Axel Kicillof asumió la presidencia del Partido Justicialista bonaerense tras la salida de Máximo Kirchner, en un movimiento que buscó ordenar la interna y mostrar cohesión de cara al futuro electoral. Sin embargo, pese a la conformación de una lista de unidad, las disputas internas permanecen activas y se proyectan como uno de los ejes centrales del peronismo rumbo a 2027.

La salida de Kirchner, referente de La Cámpora, implicó una reconfiguración del equilibrio interno del PJ provincial, donde conviven intendentes, sindicatos y distintos espacios políticos con intereses propios.
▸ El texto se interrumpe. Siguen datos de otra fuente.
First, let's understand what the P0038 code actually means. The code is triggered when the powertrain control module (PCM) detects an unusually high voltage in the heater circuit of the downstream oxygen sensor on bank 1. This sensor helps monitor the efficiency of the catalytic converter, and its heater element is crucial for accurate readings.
Kicillof, que tomó el control del partido en el séptimo año de su mandato como gobernador, intenta consolidar liderazgo sin romper los delicados acuerdos internos.

La discusión de fondo gira en torno a la sucesión en la provincia de Buenos Aires, el principal bastión electoral del peronismo. Aunque el armado formal evitó una confrontación abierta, persisten diferencias sobre estrategias, candidaturas y el rol de los distintos sectores en el armado futuro.

En ese contexto, la unidad aparece más como una tregua que como una síntesis definitiva. El PJ bonaerense enfrenta el desafío de ordenar su conducción en un escenario nacional adverso y con un oficialismo libertario que busca consolidar su poder, mientras las disputas internas siguen marcando el pulso del principal espacio opositor.